日本の良さを堪能してもらおう!外国人観光客への正しい「おもてなし」について

日本には「おもてなし」という素晴らしい文化があります。昨今、外国人観光客の姿をよく目にしますが、海外では現在このおもてなしが注目されているのです。そこで、外国人観光客に満足してもらえるおもてなしについて解説します。


この記事は約7分で読み終わります。

 

外国人観光客にとってのおもてなしとは

日本の「おもてなし」は今、外国人に注目されているホットワードでもあるのです。そこで、「そもそも、おもてなしとは何なのか?」を中心に、注目を集めている主な理由について解説します。

なぜ注目されているのか

なぜ、おもてなしが外国人観光客に注目されているのでしょうか。
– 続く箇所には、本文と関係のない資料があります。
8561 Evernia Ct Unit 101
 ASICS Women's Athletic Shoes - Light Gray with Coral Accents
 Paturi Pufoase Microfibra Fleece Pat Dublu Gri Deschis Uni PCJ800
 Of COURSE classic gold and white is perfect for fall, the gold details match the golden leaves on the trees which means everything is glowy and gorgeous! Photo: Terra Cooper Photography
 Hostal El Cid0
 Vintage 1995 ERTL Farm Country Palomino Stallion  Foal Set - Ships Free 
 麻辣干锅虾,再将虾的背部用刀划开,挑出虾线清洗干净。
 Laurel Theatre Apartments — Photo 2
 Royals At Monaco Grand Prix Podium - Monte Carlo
考えられる要因は以下の2つです。

・期待を上回ることによる感動

・海外にはない日本特有の文化

まず、期待を上回ることで感動を与えている点です。

人は、サービスを利用するにあたって「対価」として、これくらいはして欲しい…と言う想像をします。これは、外国人観光客にとっても同じでしょう。日本を訪れて利用したサービス=おもてなしに、想像よりも数ランク上の満足度を得られたことによる感動が、外国人観光客を魅了しています。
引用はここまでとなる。